Significance. If the empirical claims hold, the work advances the field from rendering-oriented 3D proxies toward controllable explicit mesh assets suitable for digital twins and urban simulation. The explicit contribution of the first documented satellite-mesh paired dataset collected from matched geographic crops is a clear strength that can support future research. The incremental engineering approach of leveraging and adapting an external pretrained foundation model is appropriately scoped and avoids circularity.

major comments (2)
  1. [Abstract and Experiments] Abstract and Experiments section: the central claim that Sat2City v2 'achieves the best overall performance among evaluated baselines' is unsupported by any quantitative metrics, baseline names, error analysis, or statistical tests in the manuscript, which is load-bearing for the empirical contribution.
  2. [Dataset] Dataset construction paragraph: no details are supplied on how the 16,241 satellite-mesh pairs were collected, geographically aligned, or quality-controlled, preventing assessment of whether the real-world data actually closes the domain gap assumed in the method.

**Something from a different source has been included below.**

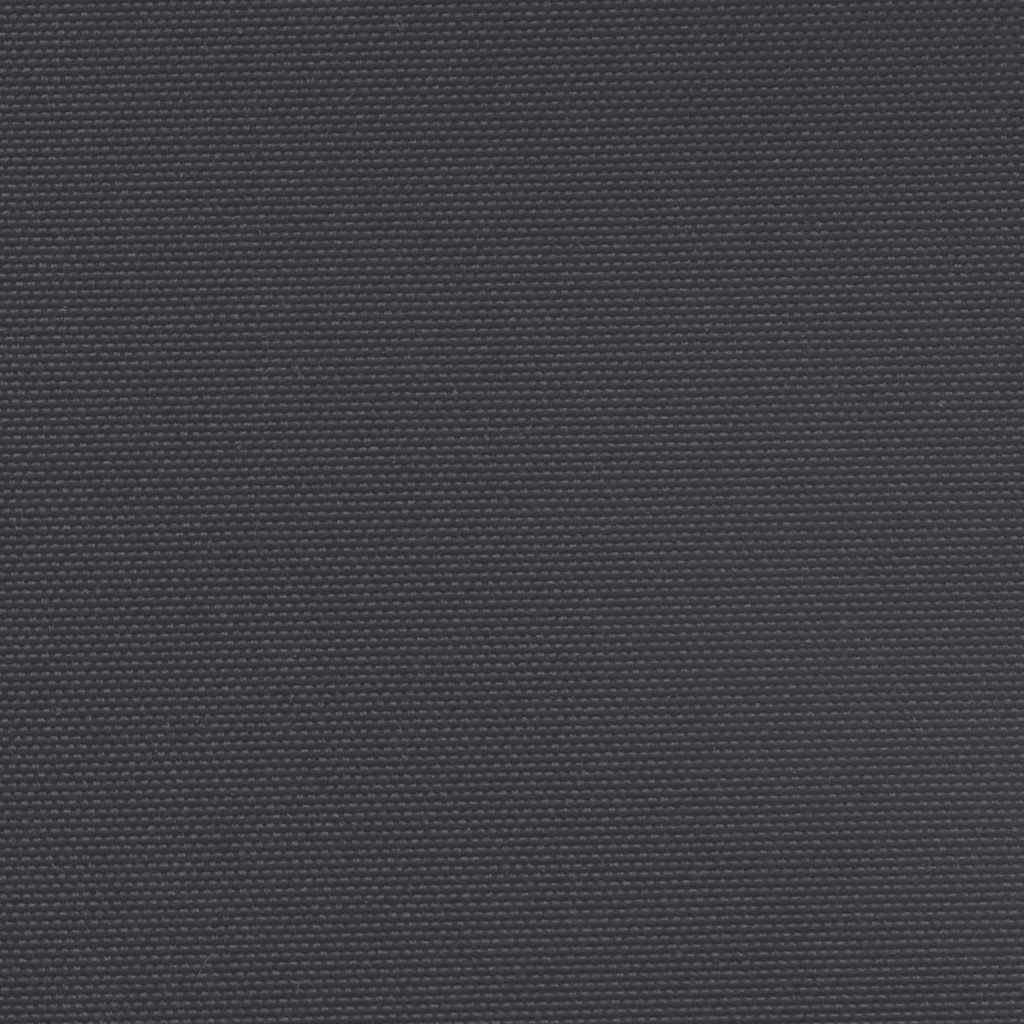 Retractable Side Awning Black 160x300 cm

Simulated Author's Rebuttal

2 responses · 0 unresolved

We thank the referee for the constructive feedback and positive assessment of the work's significance. We address each major comment below and will revise the manuscript to strengthen the empirical support and dataset description.

read point-by-point responses
  1. Referee: [Abstract and Experiments] Abstract and Experiments section: the central claim that Sat2City v2 'achieves the best overall performance among evaluated baselines' is unsupported by any quantitative metrics, baseline names, error analysis, or statistical tests in the manuscript, which is load-bearing for the empirical contribution.

    Authors: We acknowledge the need for explicit support of this claim. The Experiments section includes quantitative results on metric-scale DSM reconstruction and generative city-asset benchmarks, with comparisons to baselines using metrics for both geometry and appearance. To address the concern directly, we will revise the abstract to reference key quantitative outcomes and expand the Experiments section to explicitly name all baselines, include detailed error analysis, and report any statistical tests performed. This revision will make the empirical contribution fully transparent. revision: yes

  2. Referee: [Dataset] Dataset construction paragraph: no details are supplied on how the 16,241 satellite-mesh pairs were collected, geographically aligned, or quality-controlled, preventing assessment of whether the real-world data actually closes the domain gap assumed in the method.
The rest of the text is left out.